[[ Task data open ]]

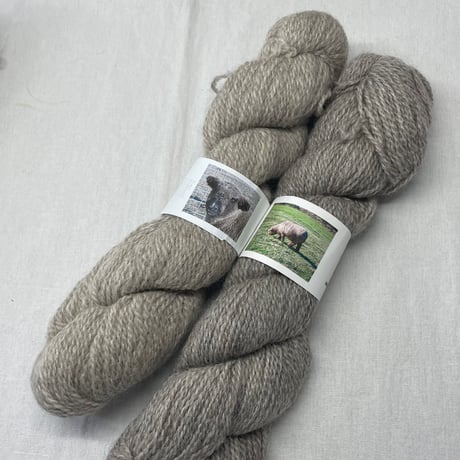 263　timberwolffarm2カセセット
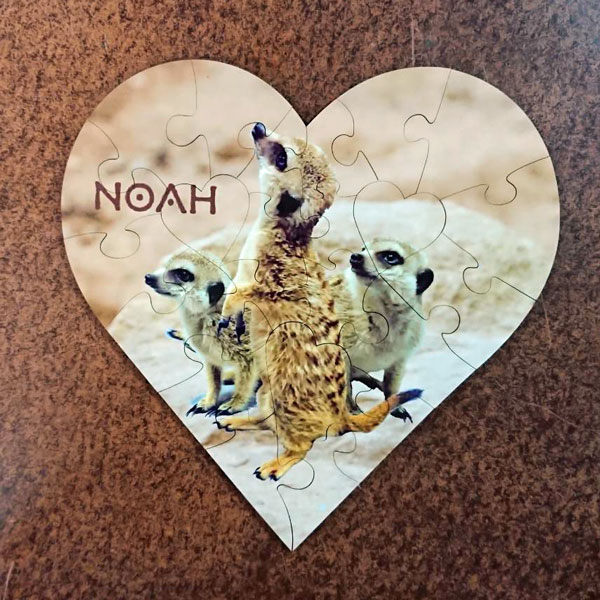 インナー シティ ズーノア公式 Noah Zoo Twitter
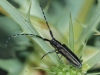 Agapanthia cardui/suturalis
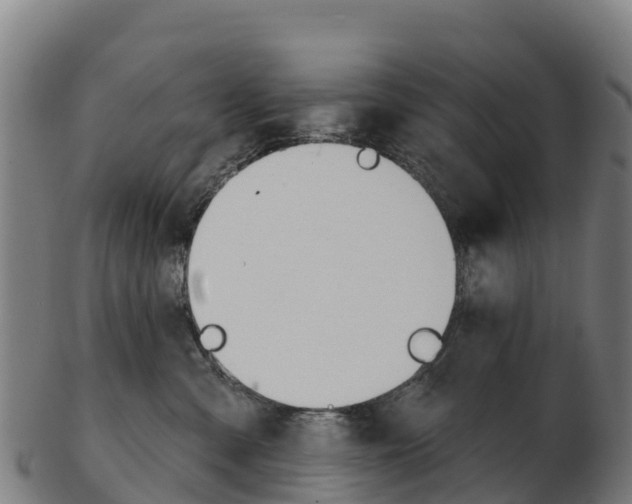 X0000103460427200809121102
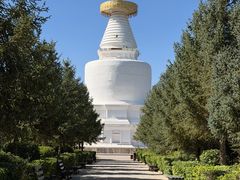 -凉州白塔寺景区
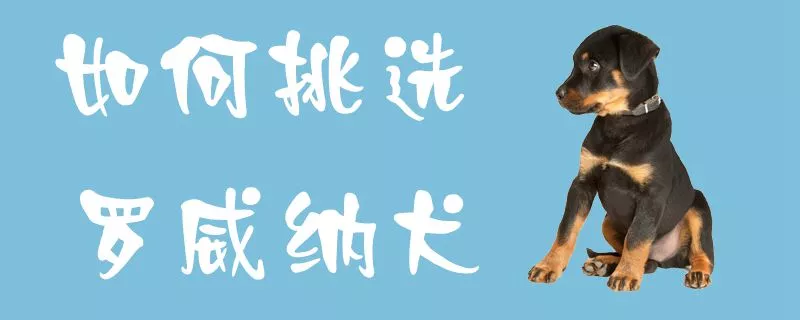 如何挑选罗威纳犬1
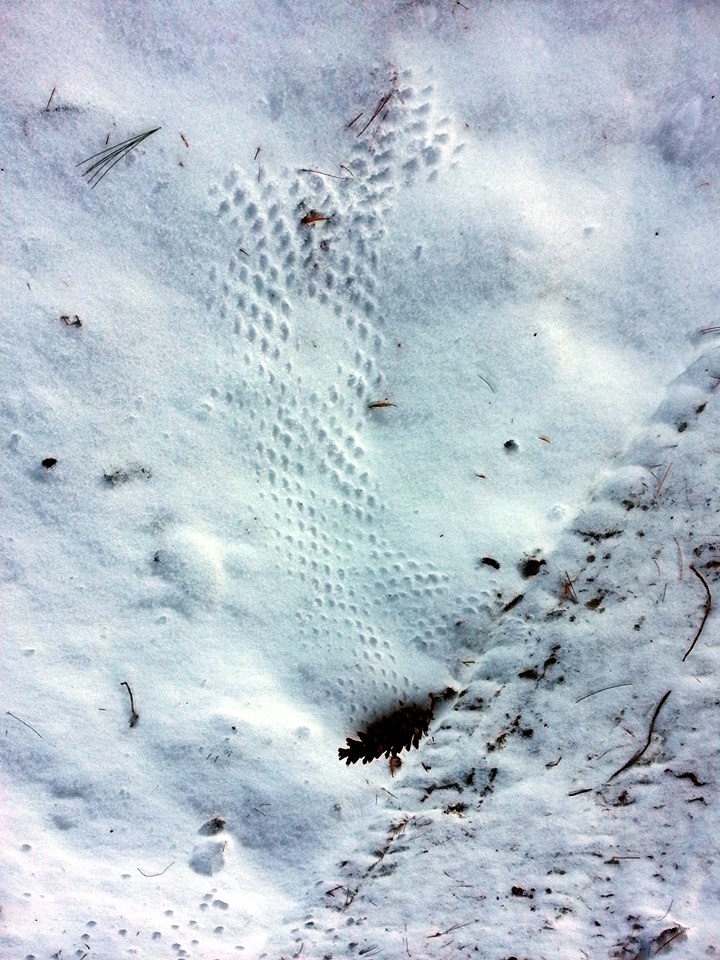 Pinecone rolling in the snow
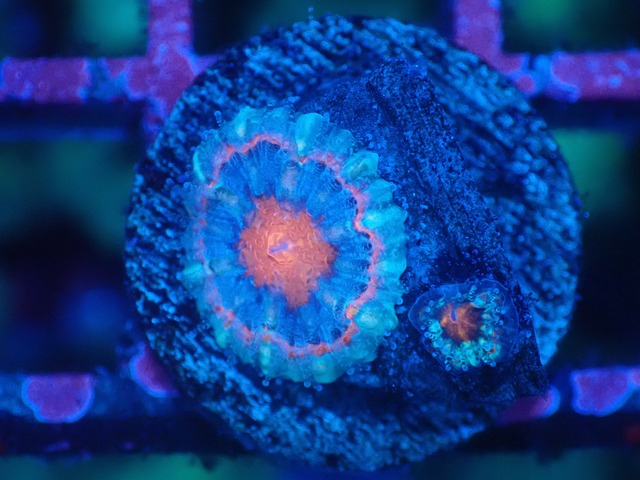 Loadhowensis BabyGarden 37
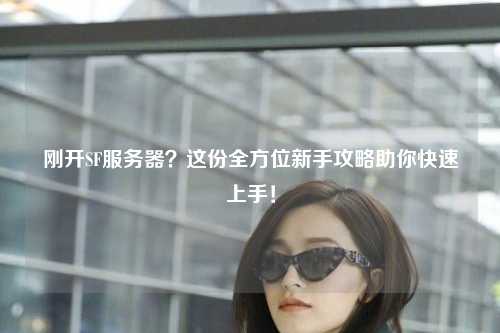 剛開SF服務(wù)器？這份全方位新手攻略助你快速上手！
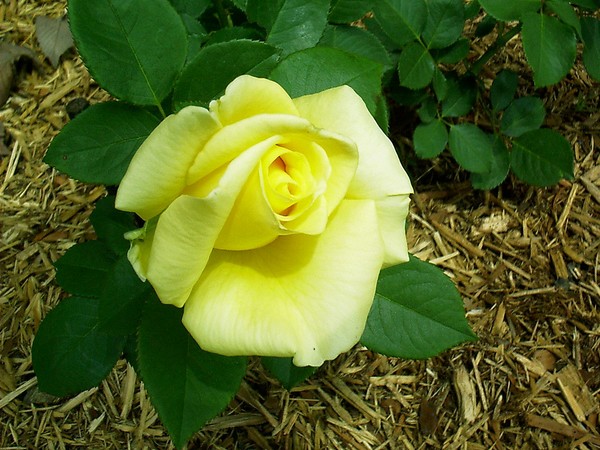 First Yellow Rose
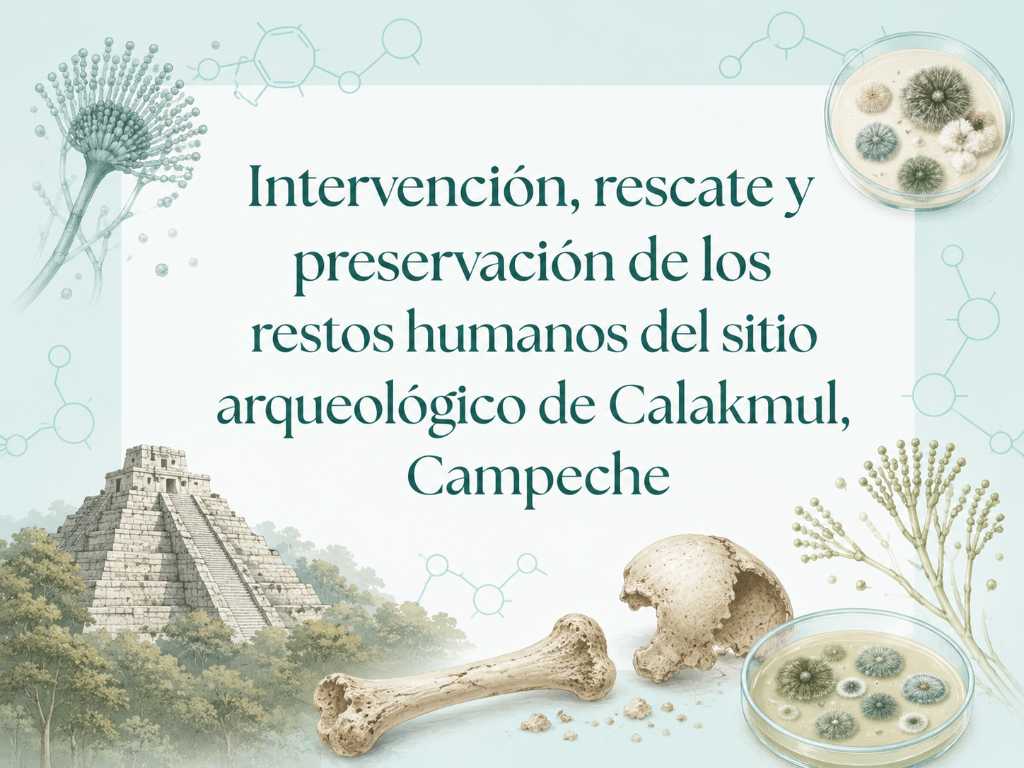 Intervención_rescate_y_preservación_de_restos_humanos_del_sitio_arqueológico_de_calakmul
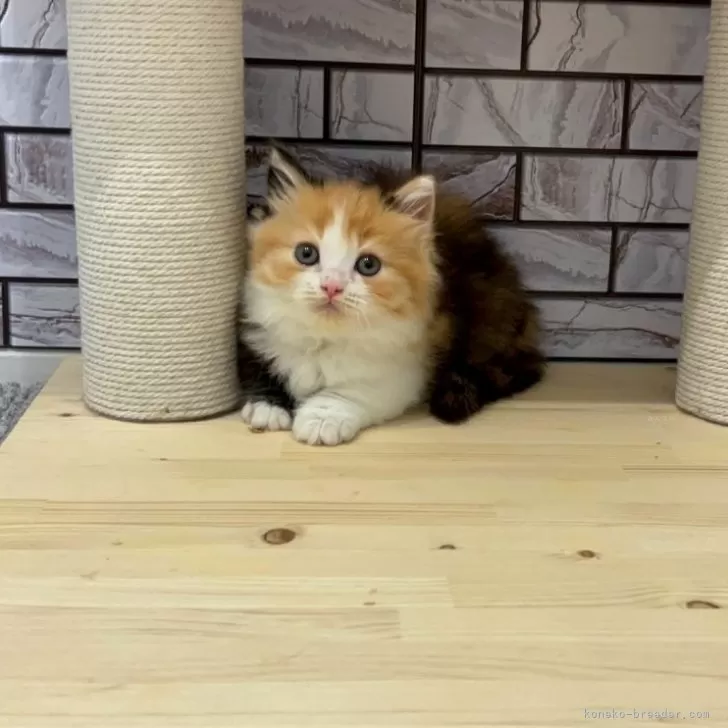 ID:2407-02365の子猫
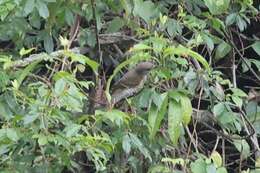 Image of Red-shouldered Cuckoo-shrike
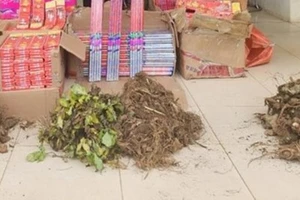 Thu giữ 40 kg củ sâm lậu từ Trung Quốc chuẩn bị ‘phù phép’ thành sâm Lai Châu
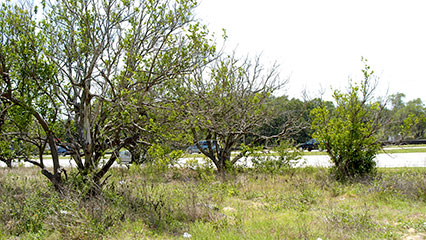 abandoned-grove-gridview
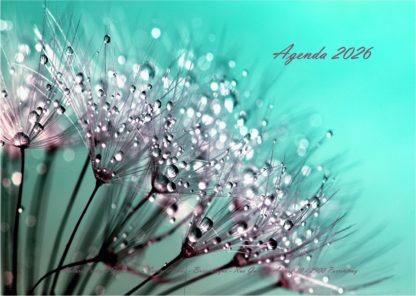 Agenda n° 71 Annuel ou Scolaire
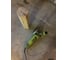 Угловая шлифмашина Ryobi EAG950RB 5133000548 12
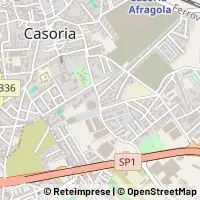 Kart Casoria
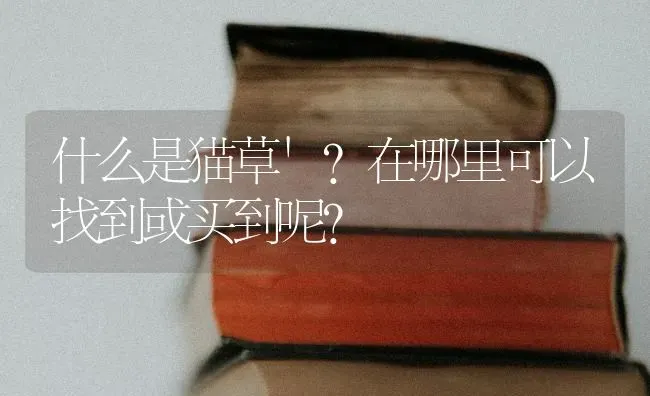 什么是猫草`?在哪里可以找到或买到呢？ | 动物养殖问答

[[ Task data closed ]]

== Task instructions ==
Everything in the records above should be printed again exactly, except the pictures.

== Output ==
 263　timberwolffarm2カセセット
 インナー シティ ズーノア公式 Noah Zoo Twitter
 Agapanthia cardui/suturalis
 X0000103460427200809121102
 -凉州白塔寺景区
 如何挑选罗威纳犬1
 Pinecone rolling in the snow
 Loadhowensis BabyGarden 37
 剛開SF服務(wù)器？這份全方位新手攻略助你快速上手！
 First Yellow Rose
 Intervención_rescate_y_preservación_de_restos_humanos_del_sitio_arqueológico_de_calakmul
 ID:2407-02365の子猫
 Image of Red-shouldered Cuckoo-shrike
 Thu giữ 40 kg củ sâm lậu từ Trung Quốc chuẩn bị ‘phù phép’ thành sâm Lai Châu
 abandoned-grove-gridview
 Agenda n° 71 Annuel ou Scolaire
 Угловая шлифмашина Ryobi EAG950RB 5133000548 12
 Kart Casoria
 什么是猫草`?在哪里可以找到或买到呢？ | 动物养殖问答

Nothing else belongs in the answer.